(Task to complete) Go to the line holding "Миска 16 см" in the data below and repeat it exactly, then each line after it up to and including the one holding "Cover: 9781835243640 |". Omit pictures.

Top of Task input

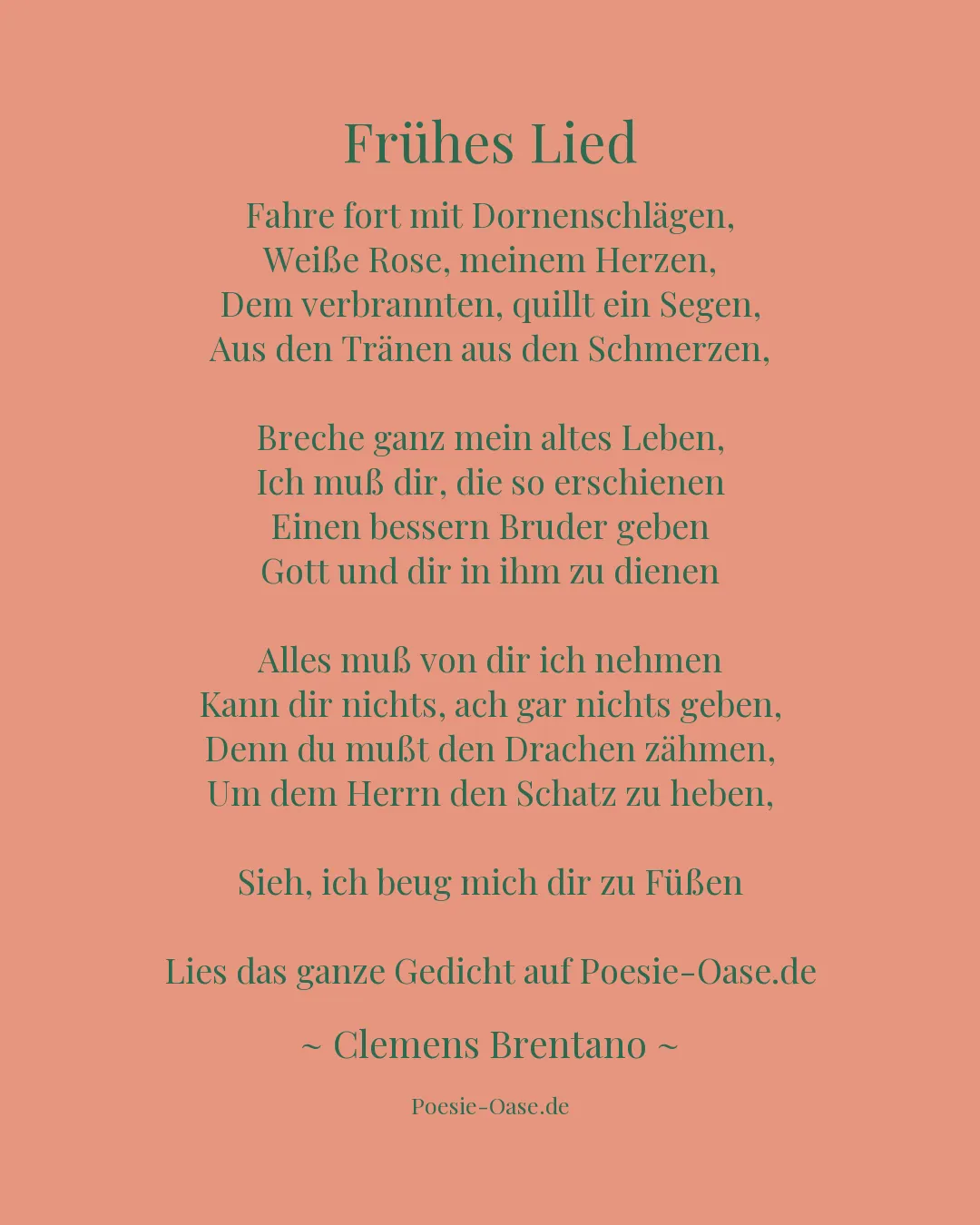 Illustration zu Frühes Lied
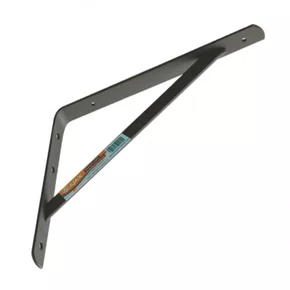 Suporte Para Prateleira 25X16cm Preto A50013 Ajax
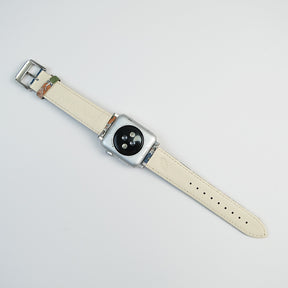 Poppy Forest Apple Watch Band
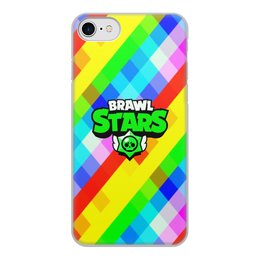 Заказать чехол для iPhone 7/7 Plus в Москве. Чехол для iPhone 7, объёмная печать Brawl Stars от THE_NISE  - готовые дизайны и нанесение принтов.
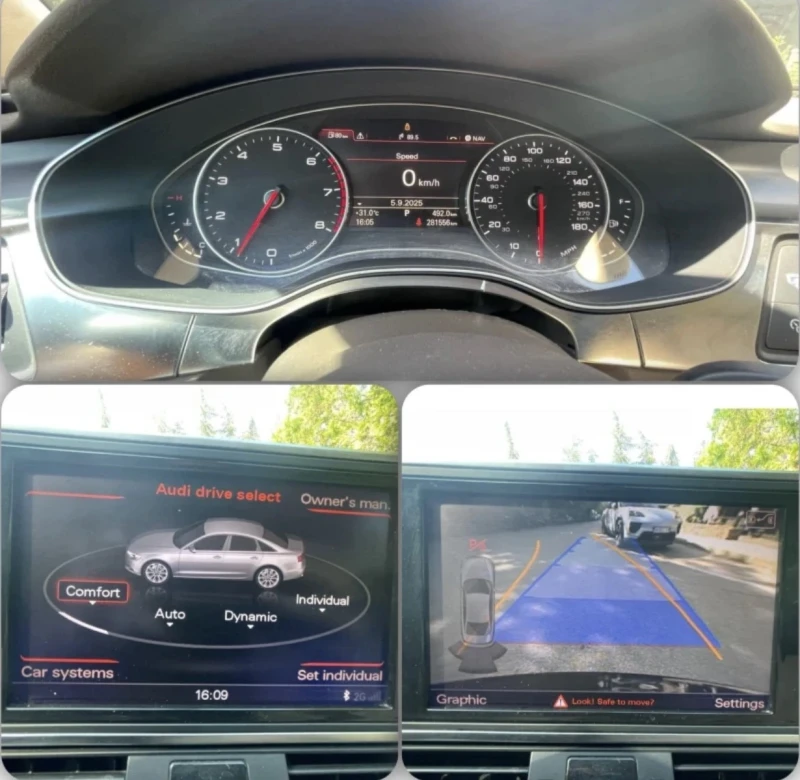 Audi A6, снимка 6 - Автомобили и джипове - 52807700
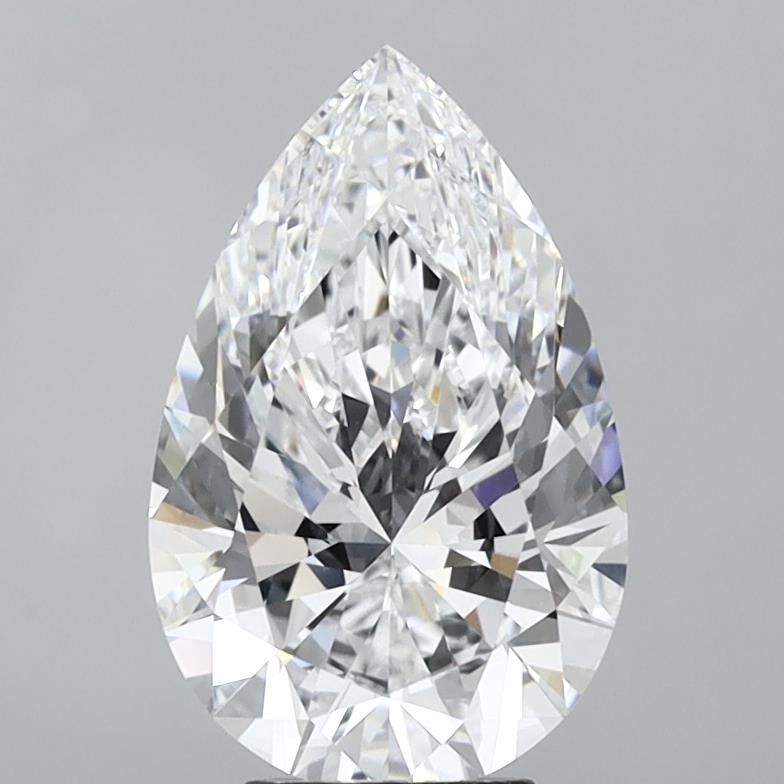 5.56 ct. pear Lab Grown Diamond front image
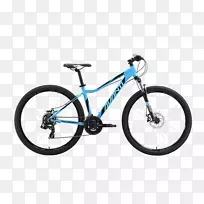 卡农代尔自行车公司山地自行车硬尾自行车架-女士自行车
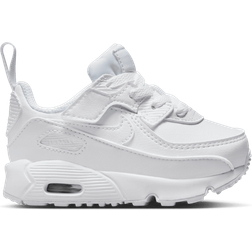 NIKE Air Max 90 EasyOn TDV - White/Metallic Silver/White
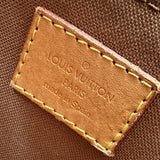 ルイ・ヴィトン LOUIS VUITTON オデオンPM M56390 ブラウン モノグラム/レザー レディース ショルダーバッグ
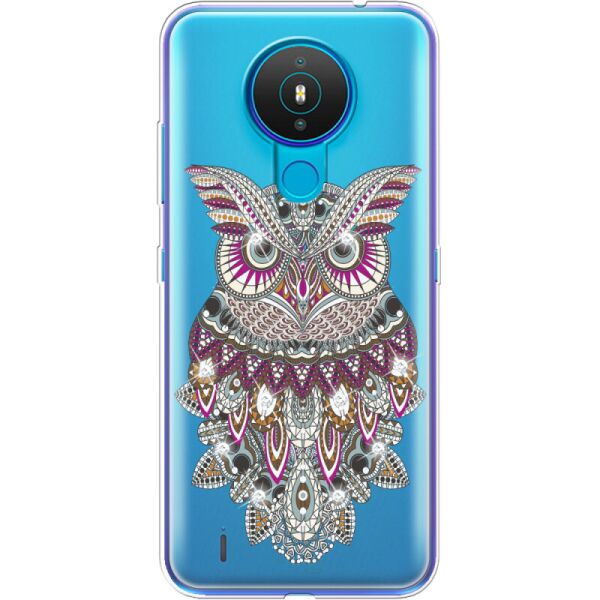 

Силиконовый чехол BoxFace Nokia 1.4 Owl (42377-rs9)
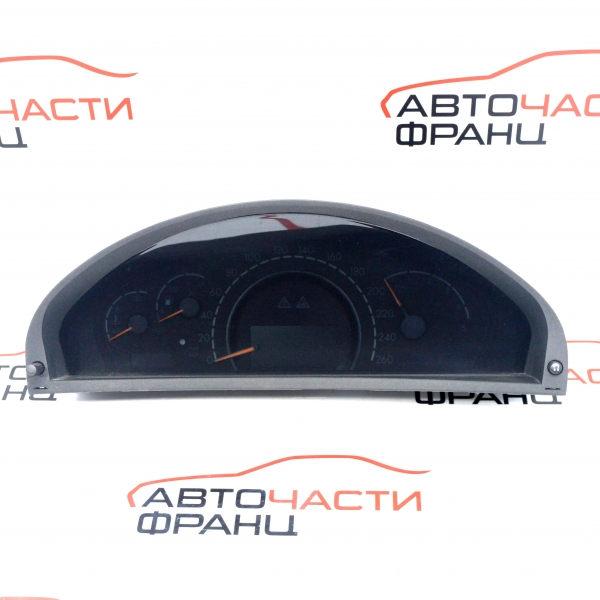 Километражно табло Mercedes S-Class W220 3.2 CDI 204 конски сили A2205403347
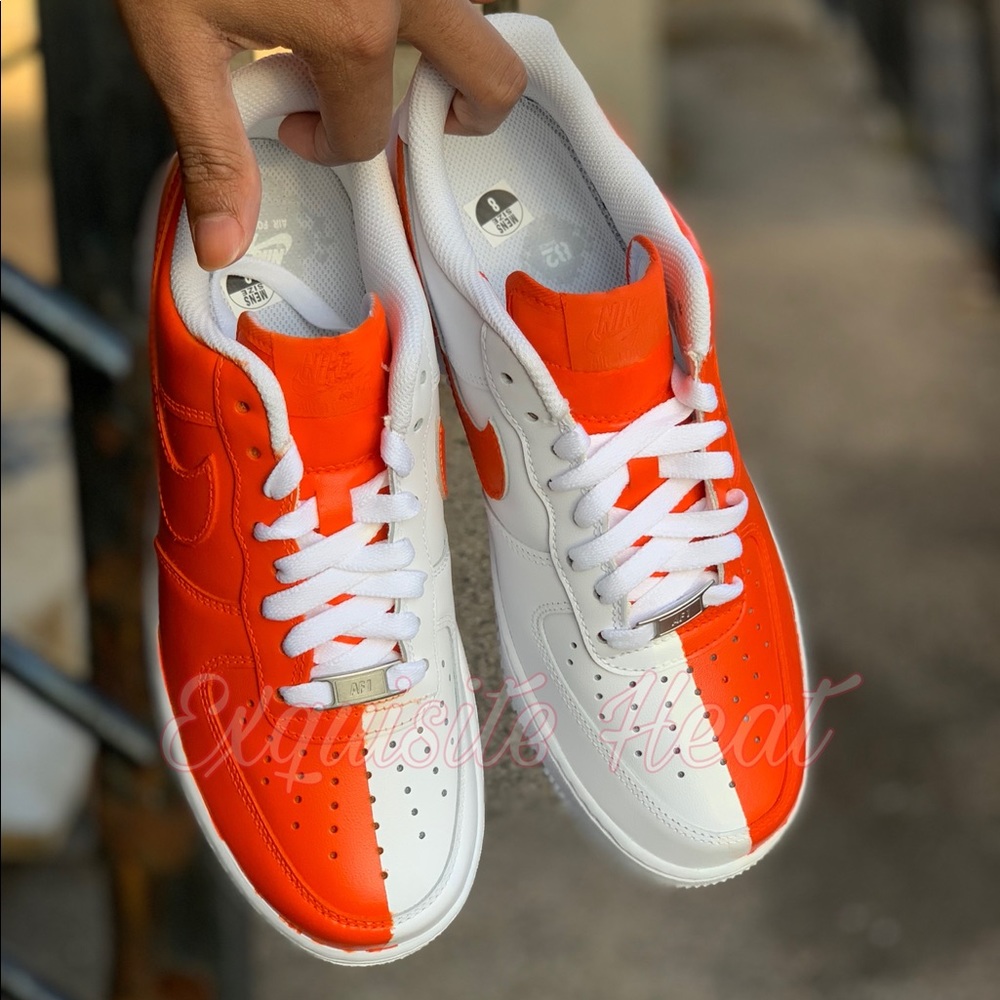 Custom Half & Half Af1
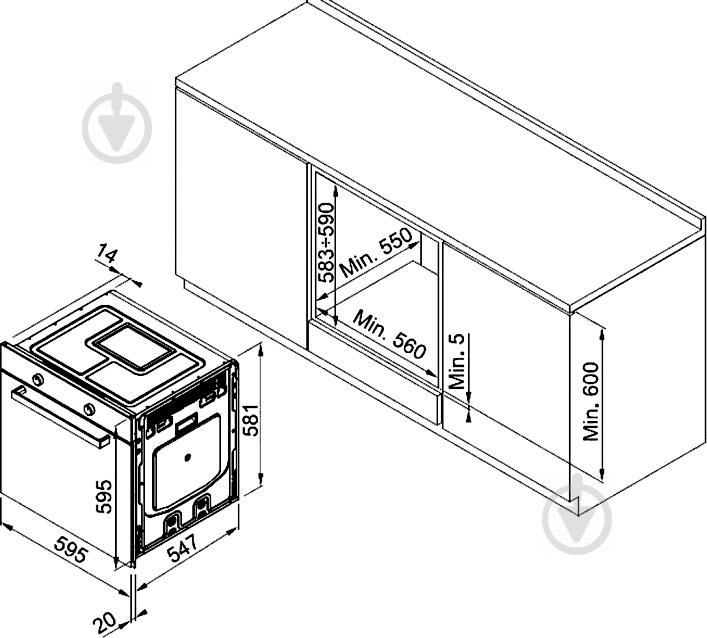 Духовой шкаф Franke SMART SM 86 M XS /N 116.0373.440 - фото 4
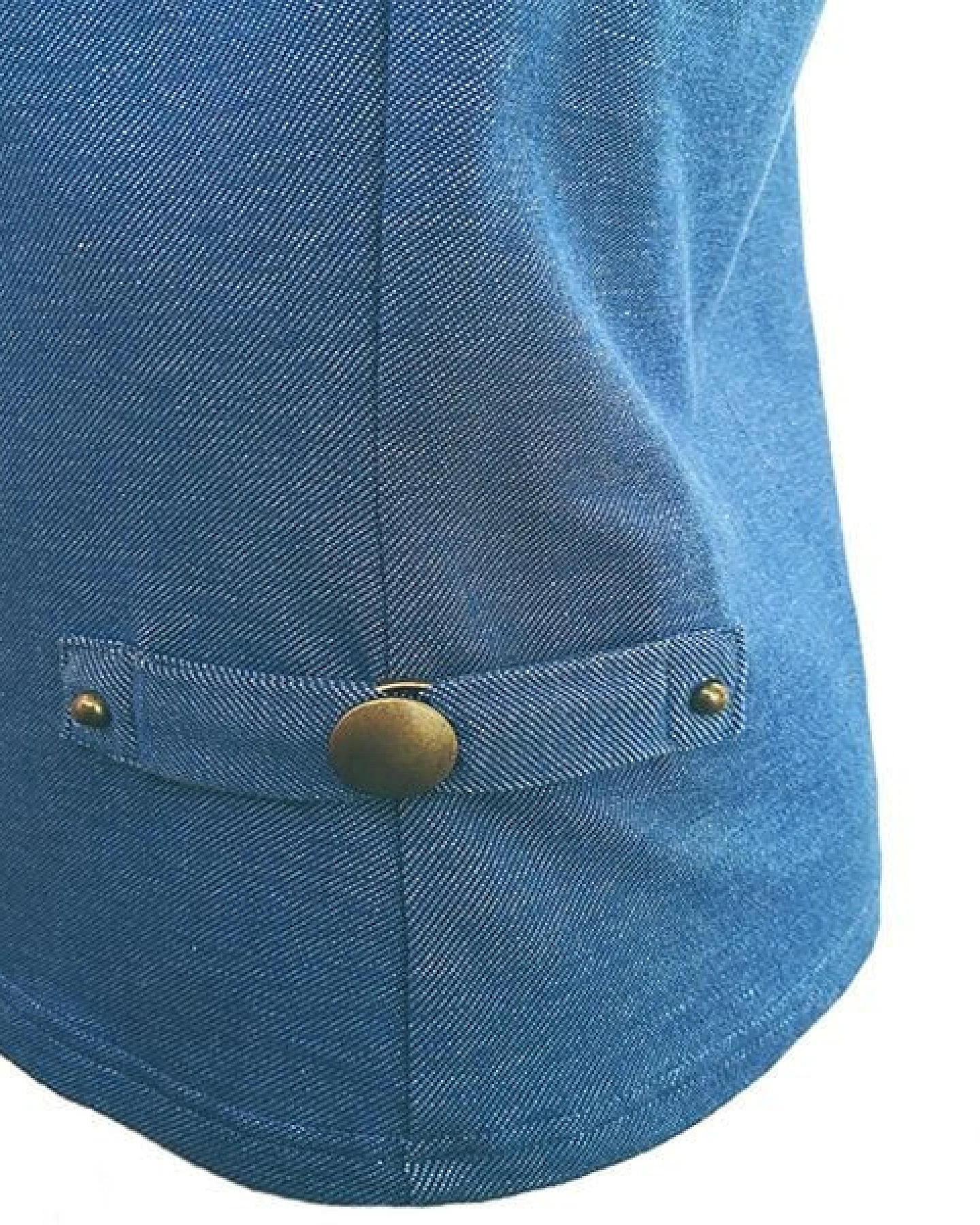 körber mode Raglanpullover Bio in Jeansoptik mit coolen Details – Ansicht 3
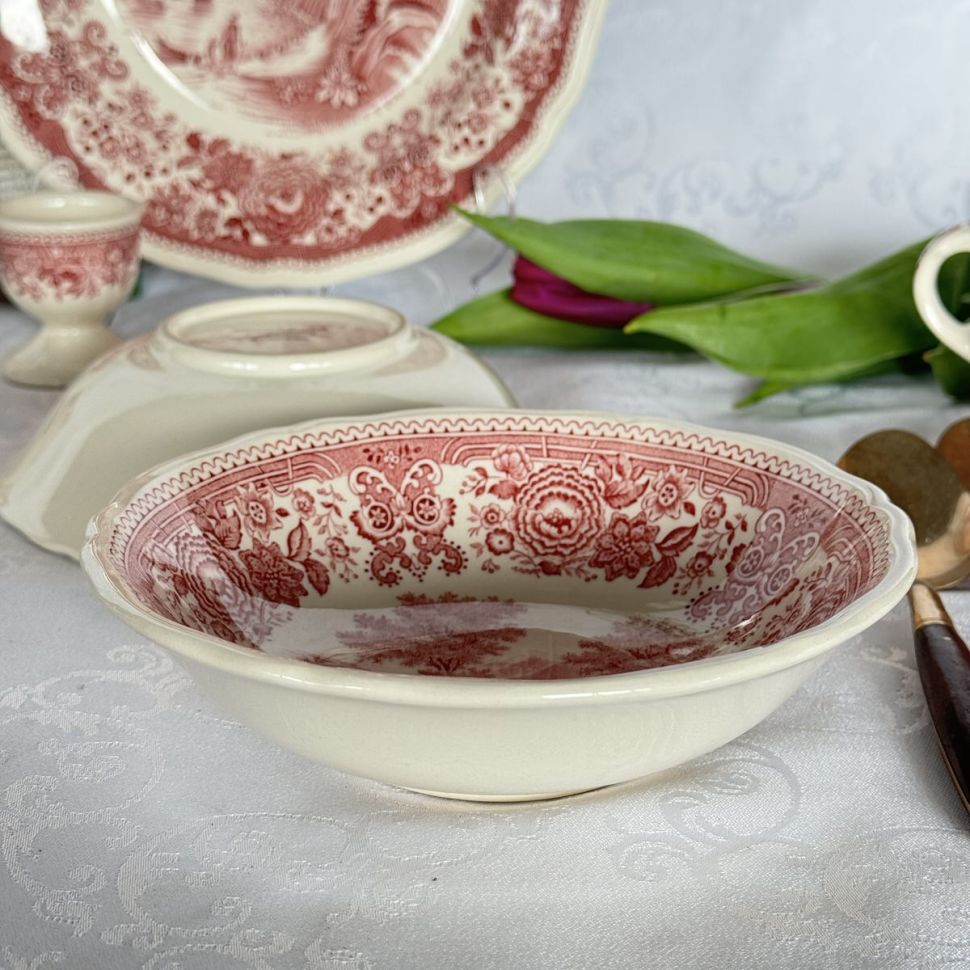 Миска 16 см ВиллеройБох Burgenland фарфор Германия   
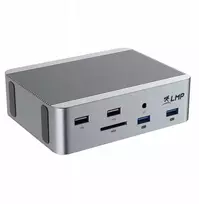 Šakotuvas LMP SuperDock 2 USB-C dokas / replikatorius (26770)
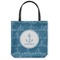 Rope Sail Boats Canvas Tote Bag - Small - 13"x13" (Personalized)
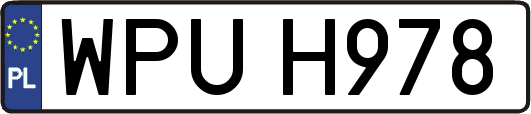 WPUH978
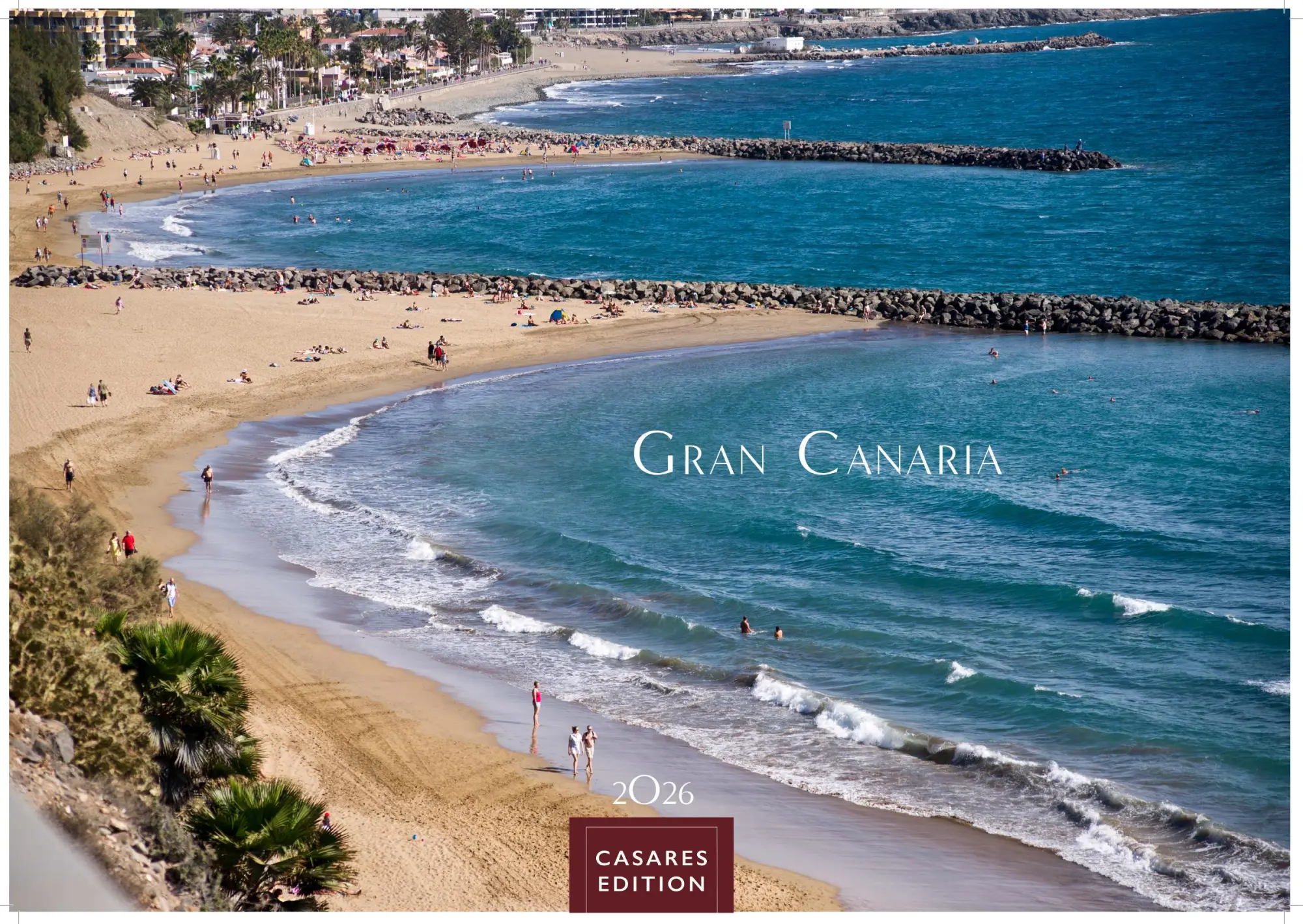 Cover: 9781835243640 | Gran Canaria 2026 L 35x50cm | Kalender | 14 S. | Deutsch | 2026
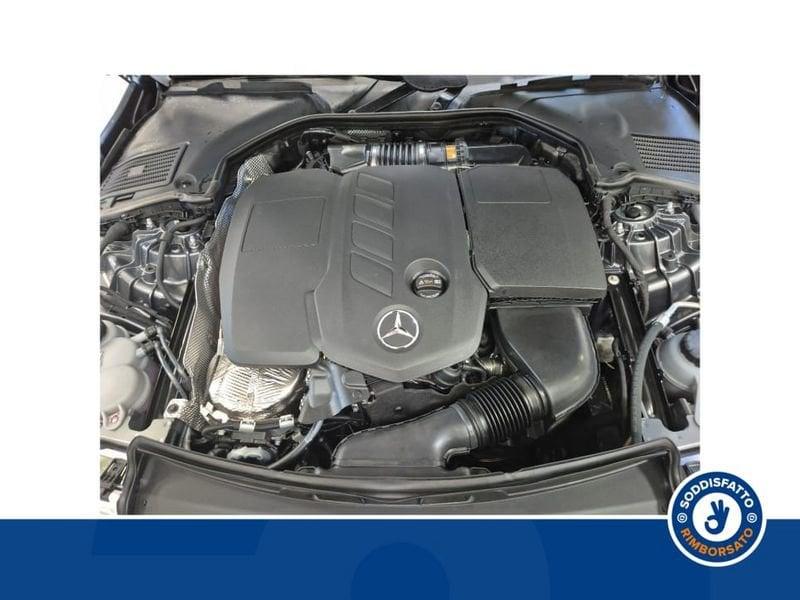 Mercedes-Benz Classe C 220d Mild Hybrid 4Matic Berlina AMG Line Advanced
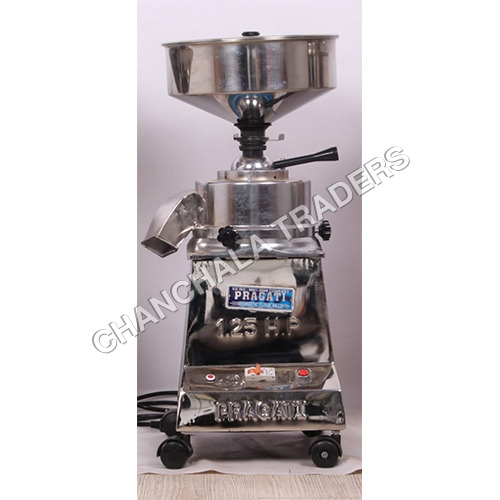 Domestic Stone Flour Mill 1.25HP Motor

Bottom of Task input

(Solved exercise)
 Миска 16 см ВиллеройБох Burgenland фарфор Германия   
 Šakotuvas LMP SuperDock 2 USB-C dokas / replikatorius (26770)
 Rope Sail Boats Canvas Tote Bag - Small - 13"x13" (Personalized)
 WPUH978
 Cover: 9781835243640 | Gran Canaria 2026 L 35x50cm | Kalender | 14 S. | Deutsch | 2026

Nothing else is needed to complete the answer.